Berdasarkan hasil rapat, ada sejumlah alasan mengapa pemerintah kemudian menolak untuk melegalisasi ganja. Pertama, kata Krisno, ganja yang tumbuh di alam Indonesia berbeda dengan ganja yang tumbuh di negara lain seperti Eropa atau Amerika.
Krisno menjelaskan, dari hasil penelitian, ganja di Indonesia memiliki kandungan THC yang tinggi, yakni 18 persen dan CBD yang rendah yaitu 1 persen. "Kandungan THC itu sangat berbahaya bagi kesehatan karena bersifat psikoaktif," kata dia.
Alasan kedua, ganja yang dapat digunakan untuk pengobatan seperti epilepsi adalah yang berasal dari hasil budidaya rekayasa genetik yg menghasilkan kandungan CBD tinggi dan kandungan THC rendah.
"Bukan seperti ganja dari Indonesia.
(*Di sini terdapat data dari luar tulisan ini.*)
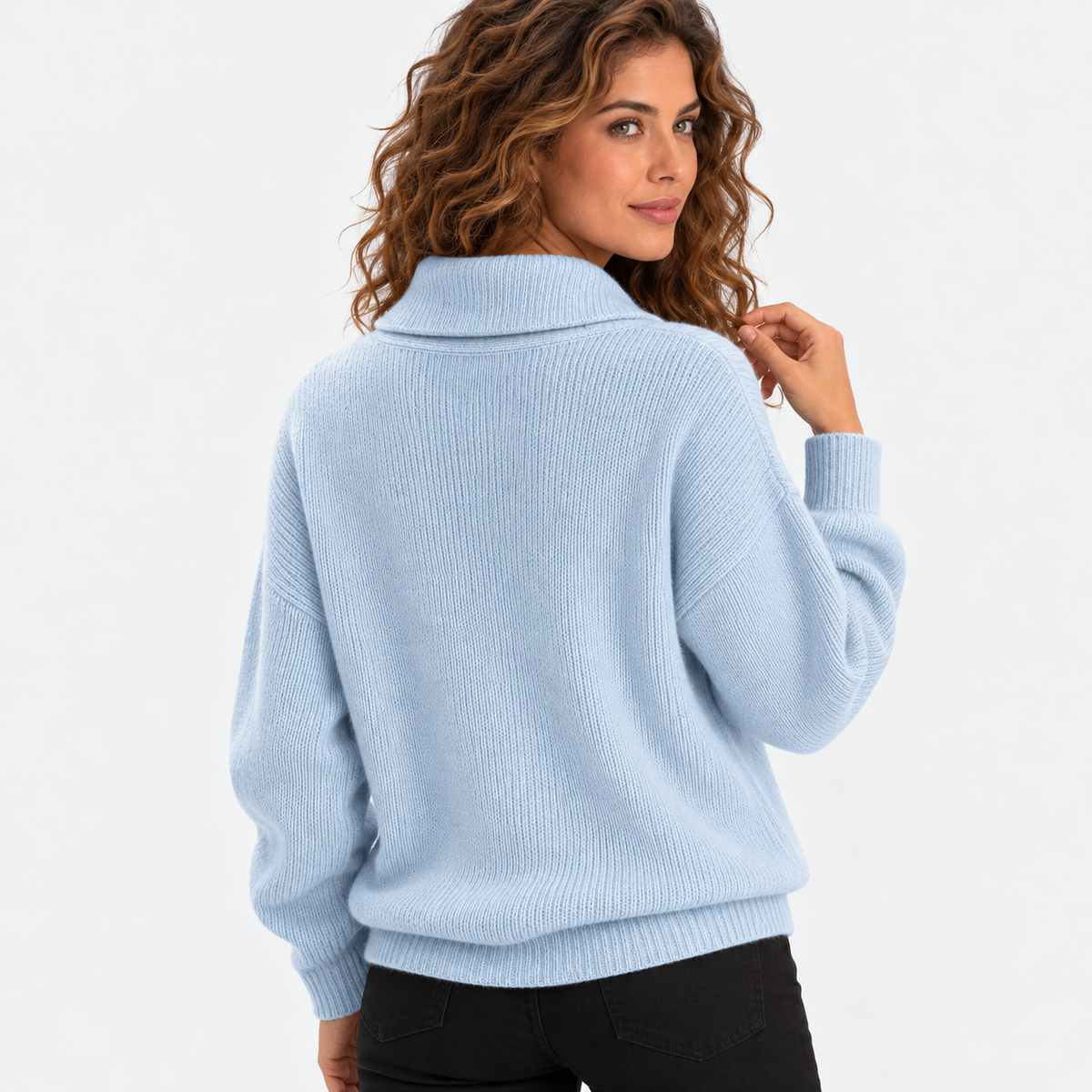 Montviro | Women's Oversized Knit Sweater with Shawl Collar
Maka ganja yang tumbuh di Indonesia bukanlah jenis ganja yang dapat digunakan untuk pengobatan," ucap Krisno.
Kemudian, Indonesia memiliki Undang-undang Nomor 35 tahun 2009 yang telah mengatur ganja sebagai narkotika golongan 1. Dari data Bareskrim Polri dan BNN, jumlah kasus ganja cukup besar di Indonesia.
Alhasil, menurut Krisno, jika ganja dilegalkan maka akan lebih banyak lagi penyalahgunaan dengan dalih apapun. Mereka yang ingin mengonsumsi ganja untuk kebutuhan rekreasi, bisa beralibi untuk kebutuhan medis.
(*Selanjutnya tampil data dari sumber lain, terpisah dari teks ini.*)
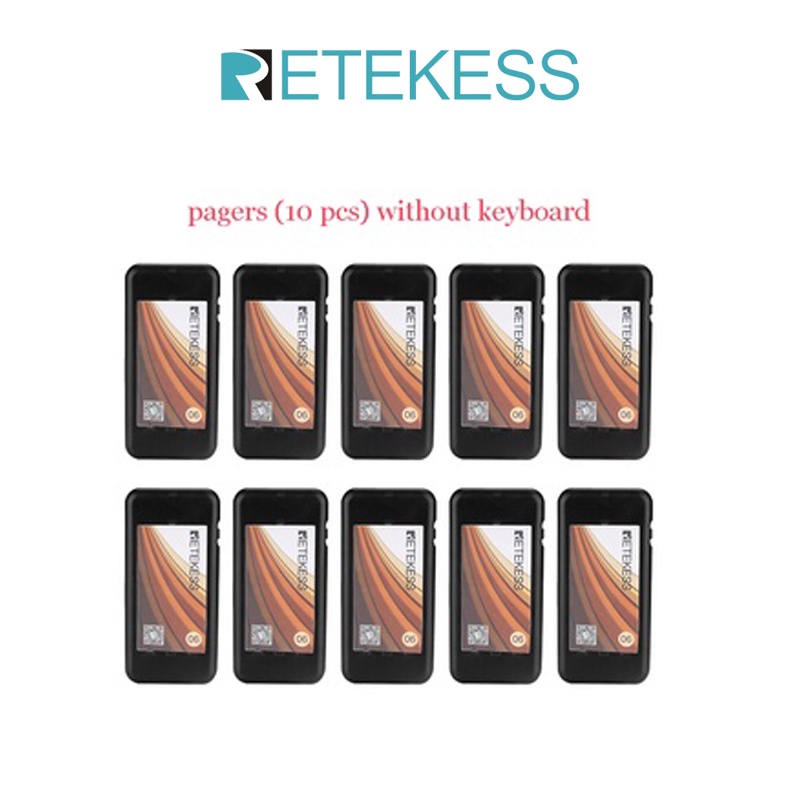 Retekess TD174 Space Saving Pager System Keyboard and Pagers for Church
Dengan demikian, kata Krisno, adanya rekomendasi legalisasi ganja oleh WHO justru akan menimbulkan permasalahan di Indonesia seperti peningkatan angka orang sakit dan kematian akibat maraknya penggunaan ganja.
"Untuk itu, seluruh peserta sepakat untuk menolak rekomendasi WHO 5.4 dan 5.5 sebagai statemen dan sikap Indonesia atas rekomendasi tersebut," ucap Krisno.